The EUR/GBP pair – also known as the Chunnel – is yet another pair made up of two major currencies, which does not itself qualify as a major. The Chunnel is obviously massively influenced by the close correlation of the EU and British economies, and that will likely remain the case after Brexit too. The chart above shows how many GBPs one needs to purchase a EUR.  


Used by 21 countries and some 324 million people as official currency, the EUR is the common currency of the world’s biggest economy, the Eurozone. While 7 EU members are bound by treaty to join in the future, in the wake of the 2008 global financial crisis, the appetite on the part of these countries to join the Euro club has quite noticeably subsided. Still, the Euro is used de-facto by at least as many people as the population of the Eurozone, and the currency is the second most traded, as well as the second biggest reserve currency of the world.


The British Pound is a high-profile currency as well.
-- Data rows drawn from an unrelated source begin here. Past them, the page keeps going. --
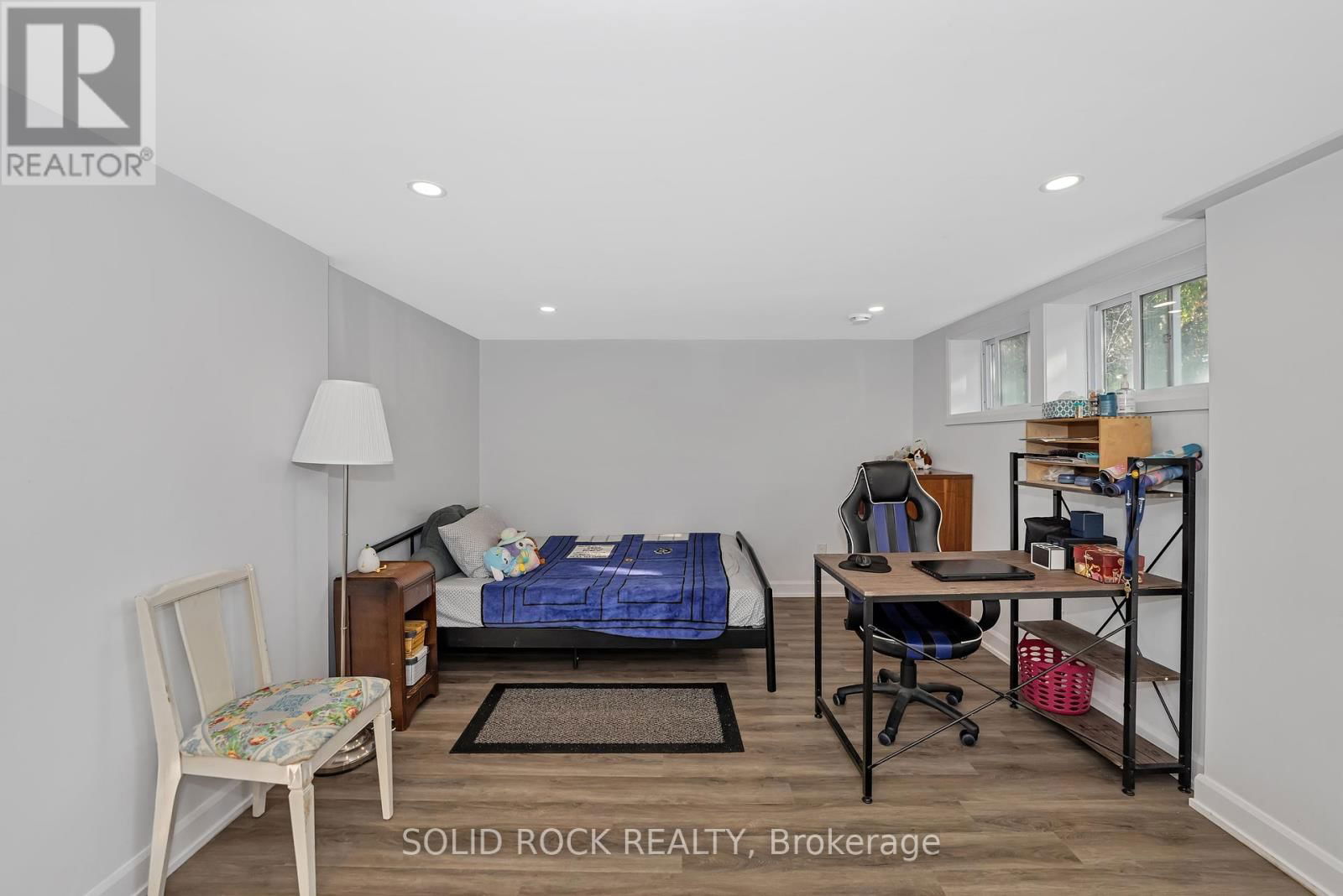 1229 ERINDALE DRIVE Image 34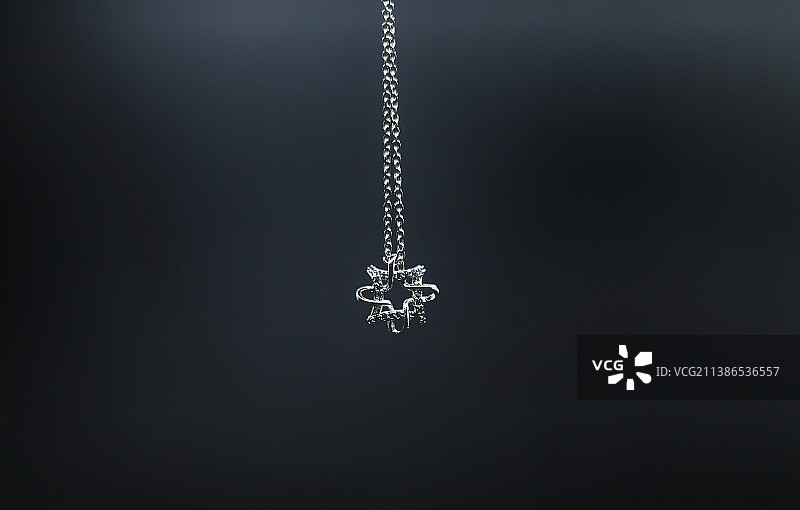 黑色背景下的钻戒特写图片素材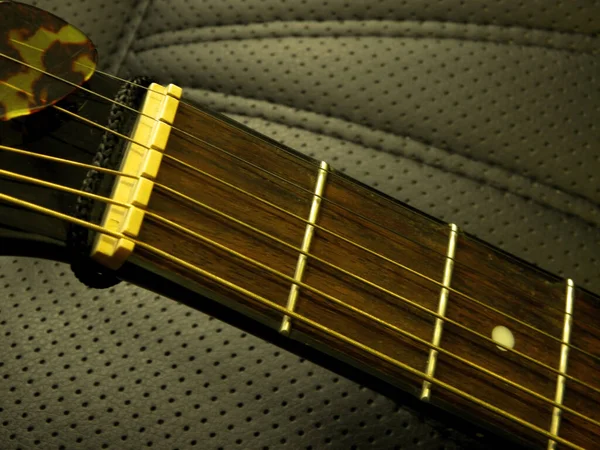 ギターの首と舞台裏の弦 — ストック写真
In addition to being the world’s oldest currency still in use today, it is the 4th most traded one and the third largest reserve currency behind the USD and the EUR. Viewed by many as a symbol and guarantor of British sovereignty, the GBP was only allowed to float in 1971. During its EU membership, Britain refused to surrender its currency and join the Euro and now with the Brexit procedure launched, the future of the GBP seems assured.

EURGBP Analysis

Due to the close economic interdependence between Britain and the EU (a status-quo likely to survive the impending Brexit too), the GBP and the EUR are quite closely aligned. Carry trading isn’t a profitable option on this pair, due to the small interest rate spread between the currencies.